Limitations and Critical Considerations
PCA is powerful but not perfect. Key limitations:
1. Assumes linearity - PCA finds linear combinations of variables. Complex non-linear relationships might be missed.
2. Prioritizes global variance - Local structure between closely related samples may be obscured.
3. Sensitive to preprocessing - LD pruning thresholds, MAF cutoffs, and missing data handling all affect results.
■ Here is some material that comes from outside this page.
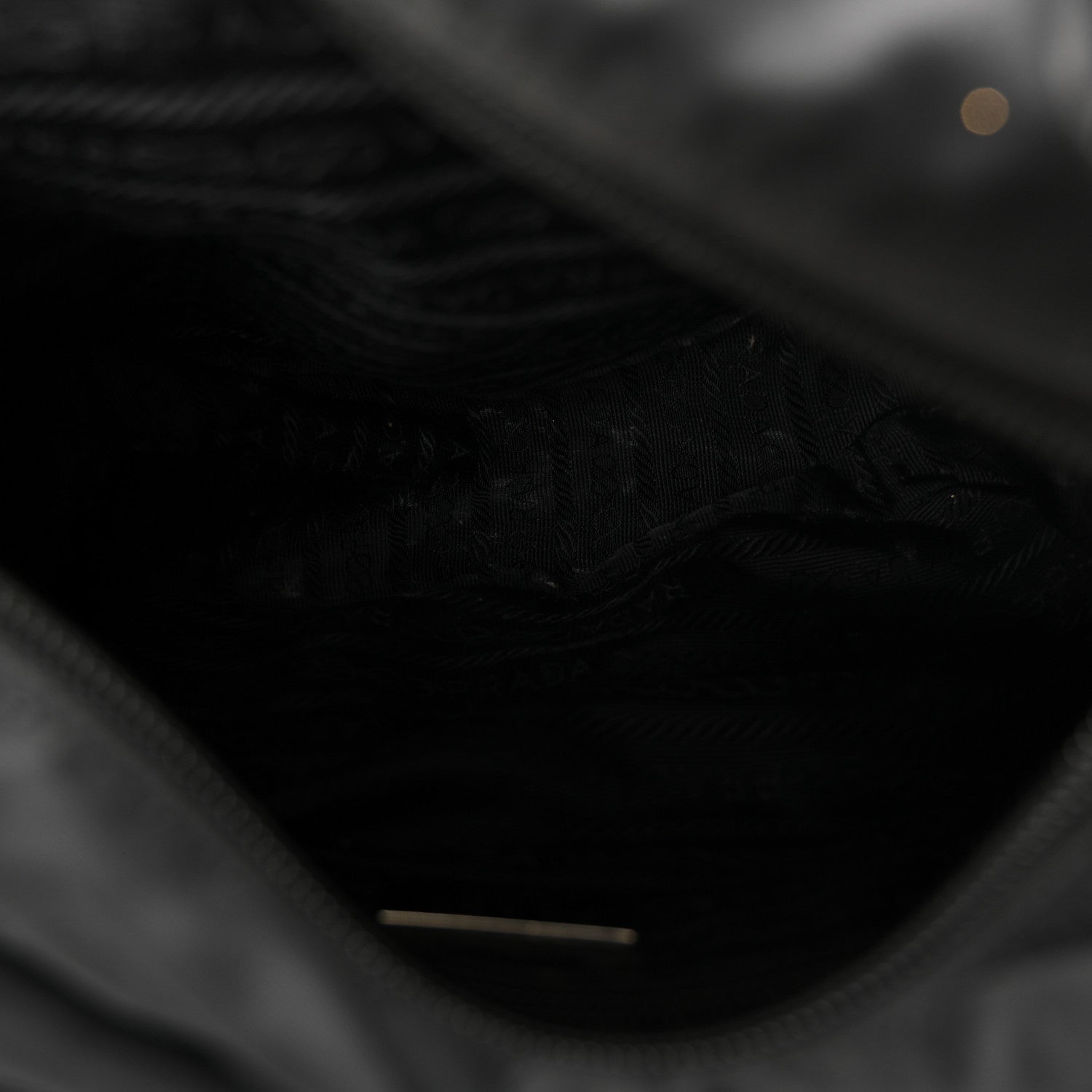 Nylon Vela Saffiano Single Buckle Messenger Shoulder Bag Black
Different choices give different patterns.
4. Sampling bias matters - Elhaik (2022) showed that uneven sampling across populations can create artificial clustering. If you sample 100 individuals from population A and 10 from population B, PCA will reflect this imbalance, not necessarily true biological structure.
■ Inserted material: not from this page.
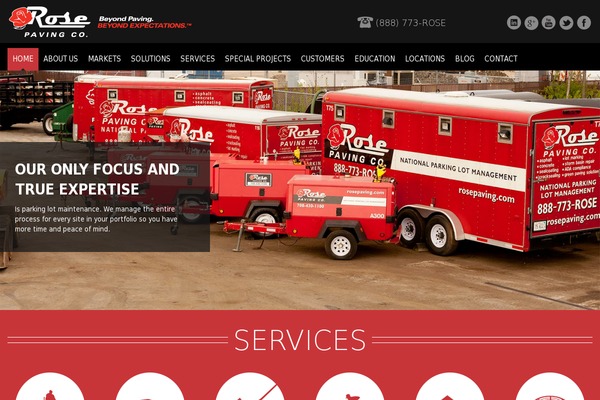 RP theme site design template sample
5. The “cluster illusion” - PCA plots can suggest discrete groups even in continuously distributed data. Human pattern-seeking sees clusters that may not be biologically meaningful.
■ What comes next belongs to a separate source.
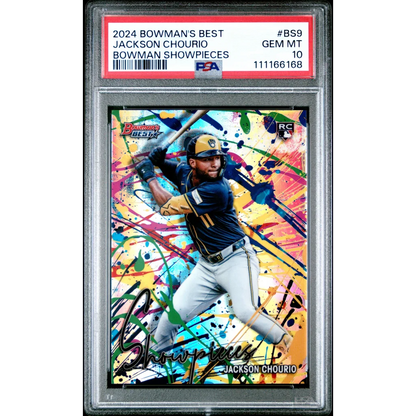 Graded PSA 10 2024 Topps Bowman’s Best Jackson Chourio Rookie Card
6. LD structure vs. population structure - Improper LD pruning means you capture chromosomal LD patterns rather than genome-wide differentiation.
Bottom line: Use PCA as an exploratory tool. Validate patterns with complementary methods (ADMIXTURE, f-statistics, phylogenetics) before making strong biological claims.
Beyond PCA: When to Use Other Methods
For specific biological questions, other dimensionality reduction methods are available:
t-SNE (t-distributed Stochastic Neighbor Embedding): Preserves local structure and relationships rather than global variance. Popular in single-cell RNA-seq for identifying discrete cell types. Produces well-separated clusters that make cell type identification easier than PCA’s often-overlapping patterns.
UMAP (Uniform Manifold Approximation and Projection): Similar to t-SNE but faster and often better at preserving both local and global structure. Sometimes preferred in modern single-cell analysis.
Self-Organizing Maps (SOMs/Kohonen maps): Unsupervised neural networks creating 2D grid representations. Useful for pattern recognition without labels. Tutorial here.
When to use what: - PCA: Most genomics applications - population structure, GWAS, expression analysis. Fast, interpretable, deterministic. - t-SNE/UMAP: Single-cell data, discrete cluster identification, exploratory analysis where local relationships matter more than global structure. - PCoA: Working with custom distance metrics or phylogenetic distances (analyzes pairwise dissimilarity matrices rather than raw data).
For population genetics and crop genomics, PCA remains the standard. Its interpretability (you can trace patterns back to specific SNPs), speed, and deterministic results make it the right tool for most jobs.
Further Resources
R Packages and Documentation: - SNPRelate documentation - SNPRelate tutorial - gdsfmt package
Tutorials: - PCA in R (DataCamp) - PCA in Python - from Maria Nattestad, who explain this very well
Critical perspective:
- Elhaik (2022). “Principal component analyses (PCA)-based findings in population genetic studies are highly biased and must be reevaluated.” Scientific Reports 12:14683
Closing thoughts: PCA is a high-dimensional data visualization technique, but its usefulness depends on whether the first few principal components capture most variation. Check your scree plot - if PC1 and PC2 together explain <50% of variance, consider whether a 2D visualization is truly representative. And remember: PCA is exploratory. It suggests patterns, but you need complementary analyses to confirm biological meaning.